What’s really the problem in these two cases? If you had more time would you get more done? Or would you simply do more stuff without really furthering your goals? It’s hard not to get bogged down in daily minutia, and it can be daunting to try to get Every Single Thing done, but there are basic and manageable ways to combat these problems.
Here are ways to conquer stress and get more done in a day:
I can’t emphasize this enough: Creating focus is the most important step because it sets you up to succeed. Focusing on what is truly important and valuable to you will help you curate your list and goals. Skipping this step can lead to a person focusing on the wrong thing, or too many things at once, which will indeed keep you busy, but not in the way you want. Focus is all about priority, and staying productive comes from having clear goals — and a trustworthy way to maintain them.
Maintain your goals with a task management strategy
Your brain creates stress when you are (a) constantly reminded of things you need to get done in moments when you cannot do them — for example in bed at night — and (b) when you realize you cannot get something done that you were supposed to, and now need to figure out what to do about it — in essence, creating even more tasks for yourself. To overcome these two mechanisms for stress, you need to:
- Find a good place to write down every task you have to do now and in the near future. This step can be a brain dump of every task you can think of because the goal is to get it all out. This step gives your brain a break, allowing it to switch off “reminder mode.”
- Try to group your tasks into categories like family, work, etc, and prioritize them by determining what is more immediate and what is further out, keeping in mind that long term goals may need immediate day-to-day action, and that priority is about more than just due date. (You can make your list on paper or use a productivity app. I created an app called Completo that facilitates this kind of prioritized list building for you.)
- Now, review all the tasks that you’ve written down in your list. Think about what the top three to five important areas of your life are. Categorize your tasks in those terms and see which ones fall into the important categories and the ones that don’t. You’ll see that at least half of your tasks aren’t really that urgent. This will free you up to stay busy with what’s most important to you.

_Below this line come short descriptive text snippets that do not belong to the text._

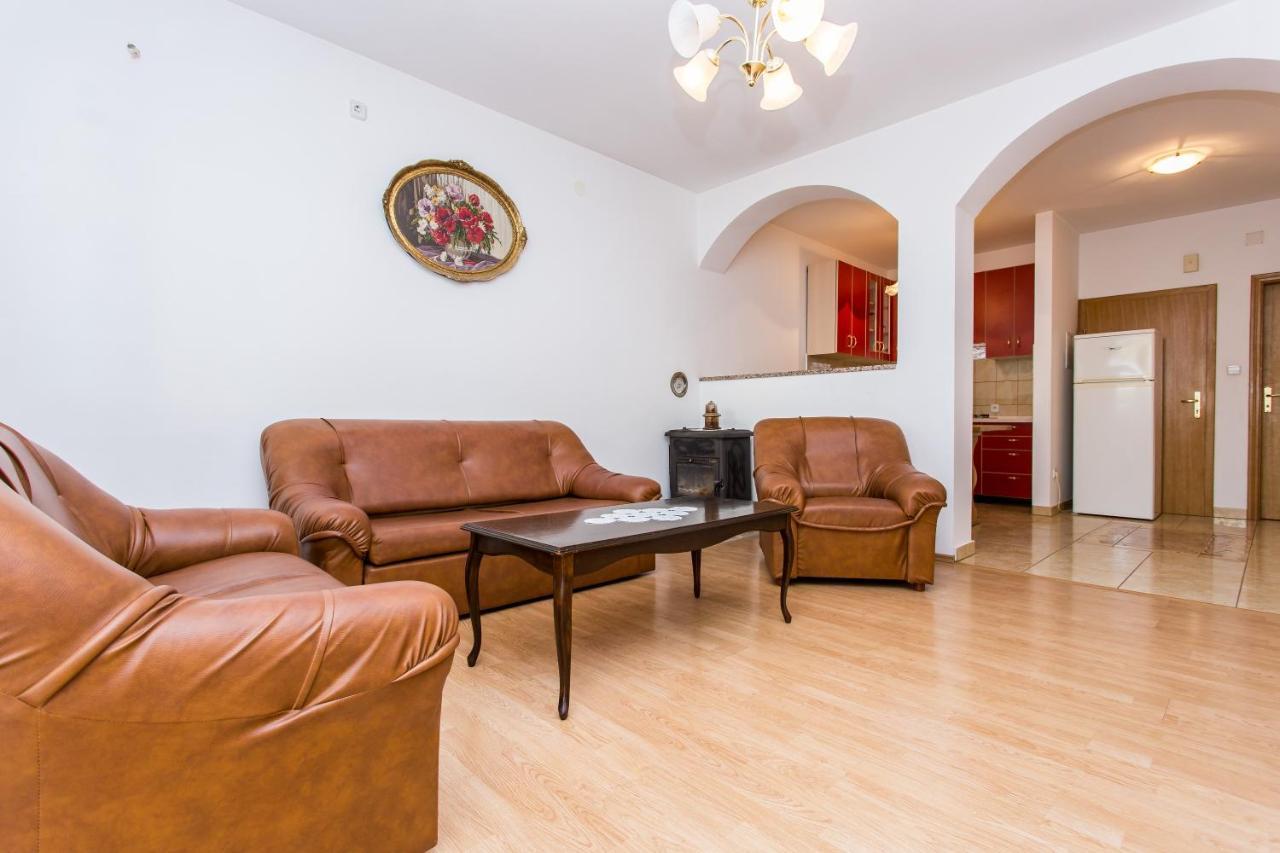 Apartman Justinic Šilo Exterior foto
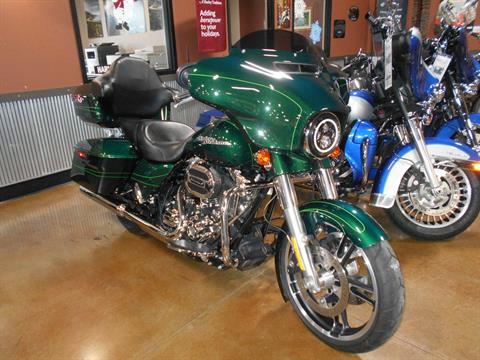 2015 Harley-Davidson Street Glide® Special in Mauston, Wisconsin - Photo 3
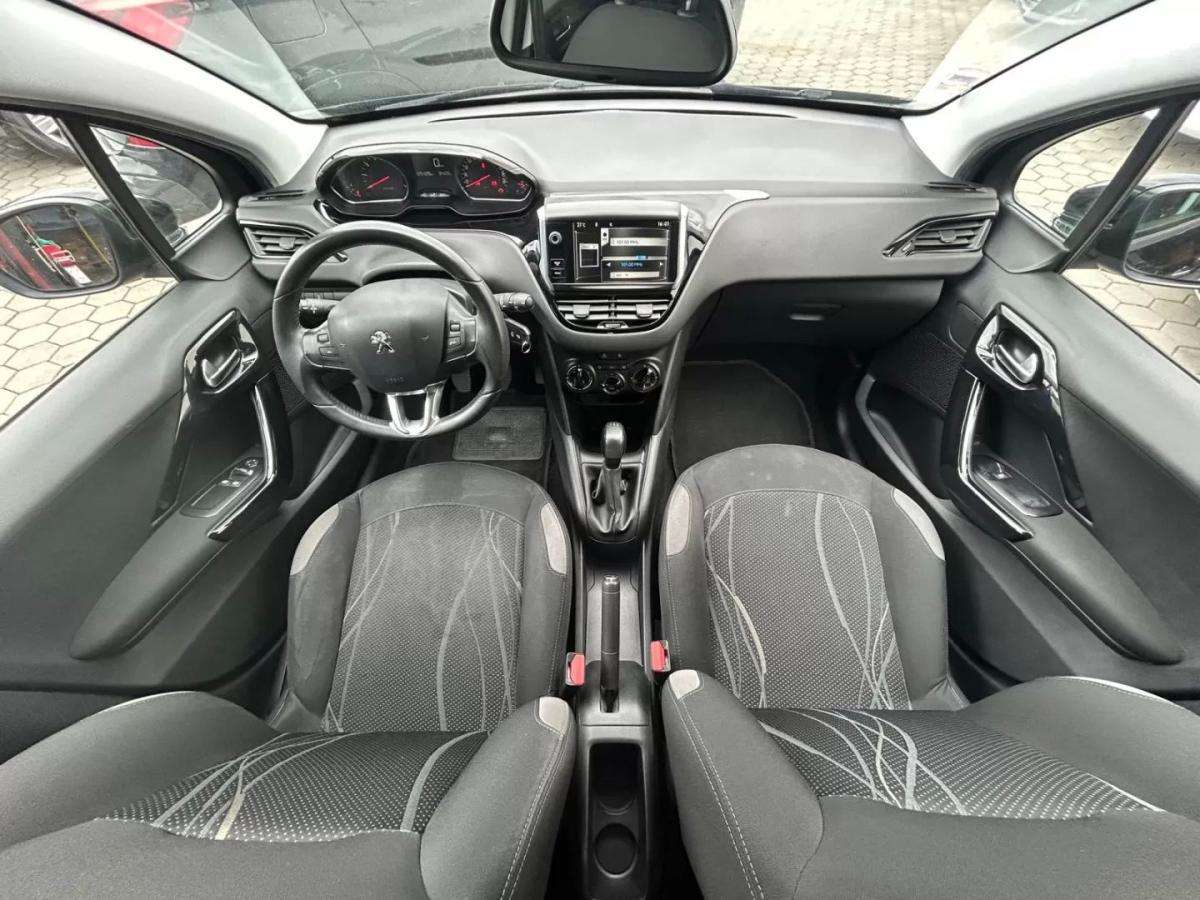 peugeot-208-2014-gasolina-1199cc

- Within this pared-down list, choose your top three tasks for the week and prioritize them over everything else. Say to yourself “these things get done no matter what comes up” and then whenever you have a moment be sure to spend some time progressing them forward.
Stay flexible but don’t lose sight of priorities
Be sure to execute this strategy daily and weekly, but know that there isn’t such a thing as a “perfect week” so don’t cram the week full of tasks before you even start. Leave some room to be dynamic and deal with the real world effect of surprises happening.
Note: Your brain isn’t wired to multi-task, so don’t worry about trying to do everything all at once, but at the same time try not to get caught up spending the whole day focusing on one thing. Work on one thing until you can’t progress further and then move to the next priority item. Most of my own tasks involve calling someone, emailing someone or doing some further research. While I’m waiting for the answers to come back from these communications, I keep moving through the rest my tasks while keeping my priorities in view.
Setting yourself up each day with your prioritized list will help you maintain focus throughout the day. This ensures that no matter what distractions or interruptions you face, your goals will be in place and your productivity will be more tangible as a result.